Она даже вскрикнула от неожиданности, не сразу сообразив, что не Луна ей отвечает. Голос шёл с другой стороны комнаты. Царь спал там, на той мраморной скамье, где и в прошлую ночь ложился, покуда к ней не пришёл.
– Чтоб тебя, Феанор! – досадливо махнула рукой Ария. – Больше места не нашёл во всём дворце?
– Это наша опочивальня, – напомнил он, – жрецы по всему дворцу шастают, я и пошёл сюда, чтобы они не тревожились.
– Жрецов, сталбыть, пожалел! – вздохнула она.
– Нас с тобой пожалел! – фыркнул царь. – Они, знаешь, какие нудные? Потом жизни не дадут с постами своими да молитвами! На острове с незапамятных времён особенно почитают культ Весты, если ты не знала ещё.
Ария вернулась к своей постели, взяла подушку, подошла к Феанору.
– На, – протянула ему.
Она почти не видела его лицо в темноте, но была уверена – царь улыбался. Всегда улыбался, когда смотрел на неё. Что такого смешного видел в её лице Феанор?
– Одеяло дать тебе? – спросила она.
– Не нужно, моя дорогая, – мурлыкнул он в ответ, – я моряк, я привык к холоду, и спать там, где ночь застанет.
– Вот и спи! – отрезала Ария. – И не вздумай взять меня спящей, понял?
– Куда взять? – уточнил Феанор.
– Взять! – она внезапно смутилась и не нашлась, что ответить.

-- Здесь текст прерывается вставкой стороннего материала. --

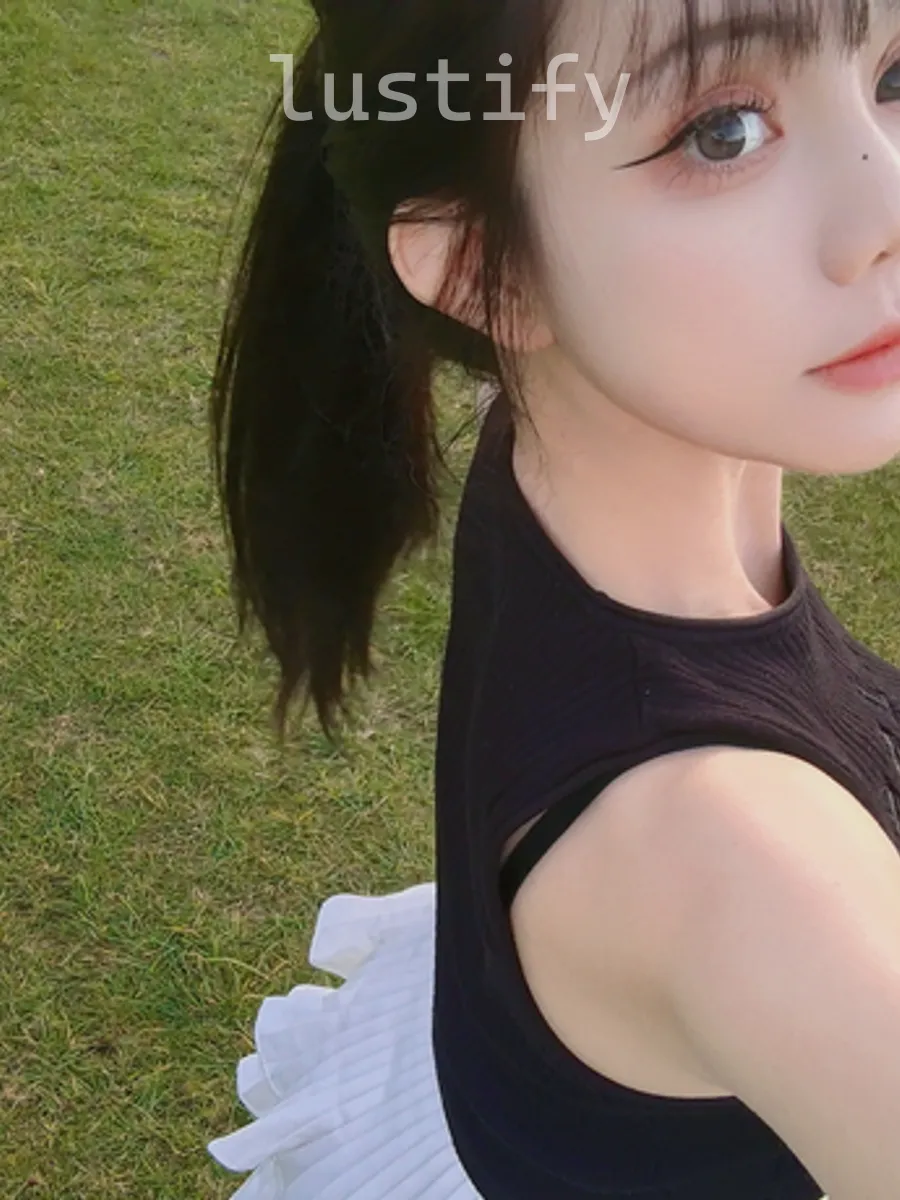 Photo 1 of Lucy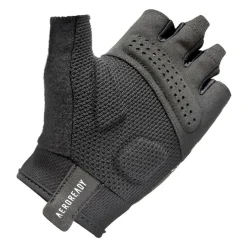 Essential Træningshandsker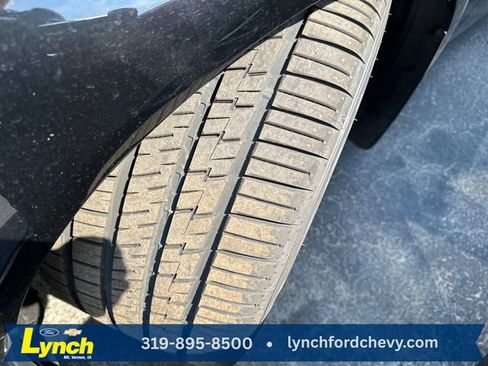 Used 2021 Dodge Challenger R/T Scat Pack RWD image 29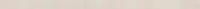 Zeitgenössisch-Optik Beige Fliese aus der Kollektion I Pigmenti von Gardenia&Ariana, Format 5x120, Oberfläche Natürlich, Kante Rettificato.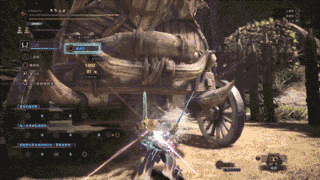 魔物獵人 世界 Iceborne 雙刀入門介紹與全流程配裝攻略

– Куда взять-то? – рассмеялся царь. – Спи, дура, я никуда не еду!
Глава пятая
Ария – значит, «избранная»
Арию разбудила не то муха, не то жучишка какой-то, прополз по щеке, пощекотал. Она сморщилась, почесала щёку, согнала непрошеного гостя. Но сон не досмотрела, опять, на другую щёку села назойливая букашка, поползла вниз. Ария дёрнула головой, хлопнула себя по щеке. А муха уж и нос взялась щекотать.
Откуда мухи-то? Рано им ещё! Белые мухи ещё летают в воздухе, снег вон вчерась падал, мокрый, неторопливый.

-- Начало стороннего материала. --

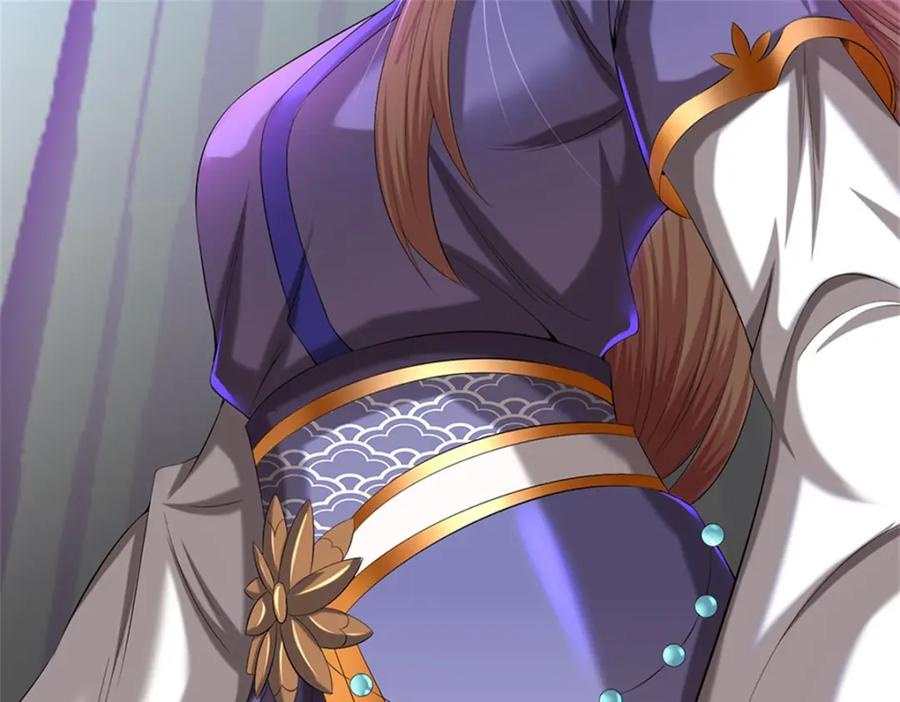 《我竟被女魔头豢养了》第86话 都来赶着投胎 第64页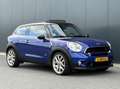 MINI Cooper S Paceman 1.6 ALL4 184PK - Leder - Pano - Xenon - Luxe Uitvo plava - thumbnail 10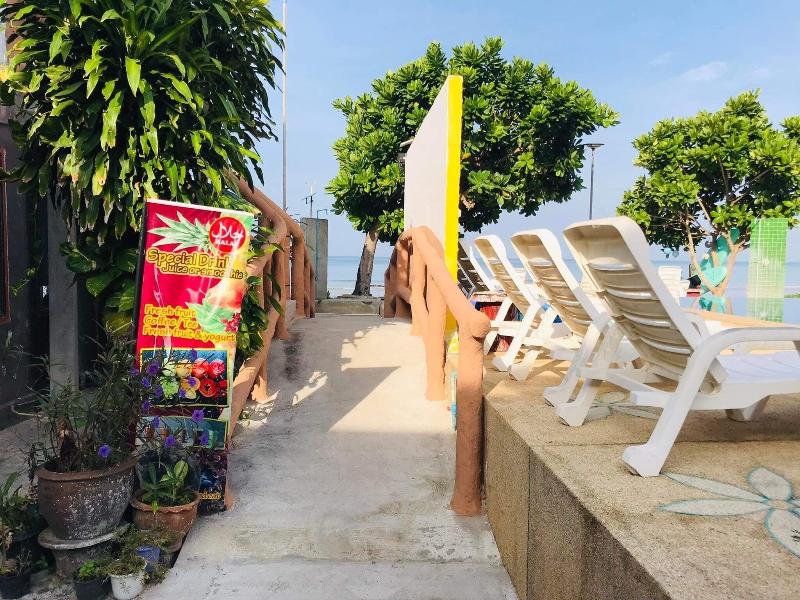 Lanta Garden Home image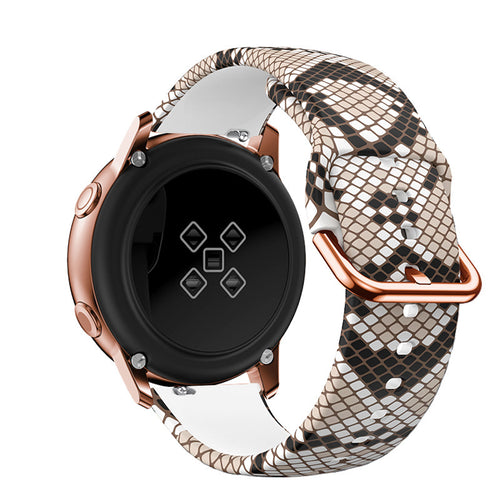 galaxy-watch-active-armband-schlange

Муха слетела с носа и уселась на губы. Ах, ты, поганка! Ария хлопнула по губам, всё так же не открывая глаз, и уже понимая, муха не отстанет, и поспать не даст. Но муха вдруг тихо засмеялась, таким знакомым за два дня смехом.
– Феано-о-ор! – через силу открывая глаза, недовольно протянула Ария.
– Утра доброго тебе, царица! – он сидел на краю её постели и держал в руке ветку вербы с распустившимися пушистыми серёжками.
Ария схватила эту ветку, взглянула на неё и всё поняла.
– Сейчас? – глаза её широко распахнулись, и голос подсел от волнения. Она вскочила с постели.
– Нет-нет, – успокоил её Феанор, мягким движением кладя ладони ей на плечи и усаживая обратно на кровать, – завтра.
Глаза его, с мелкими морщинками в уголках, от привычки прижмуриваться под бьющим в лицо морским ветром, уже не смеялись, смотрели на неё серьёзно и встревожено.
– Скажи, что я должна делать, царь? – спросила Ария.
– Сначала поцелуй меня на удачу! – он ни мига не мешкал с ответом.
И она уже потянулась навстречу, но опомнилась, ругнулась, толкнула его в грудь.
– Нашёл время для дуростей своих!
Феанор весело засмеялся, но Ария видела – тревогу прячет царь за напускным весельем. И увидев, как она смотрит на него, он замолчал, оборвал смех.
– Иди умойся, оденься, поешь, – велел, – и выходи на задний двор. Я мастера пришлю, он меня ещё обучал воинскому делу. Поработает с тобой.
– А ты? – спросила Ария. – Может, сразимся?
– Нет, – он решительно покачал головой, – я не могу. Не проси.
– Почему, Феанор? – не поняла обиженная его отказом девушка. – Мне это нужно! Завтра битва!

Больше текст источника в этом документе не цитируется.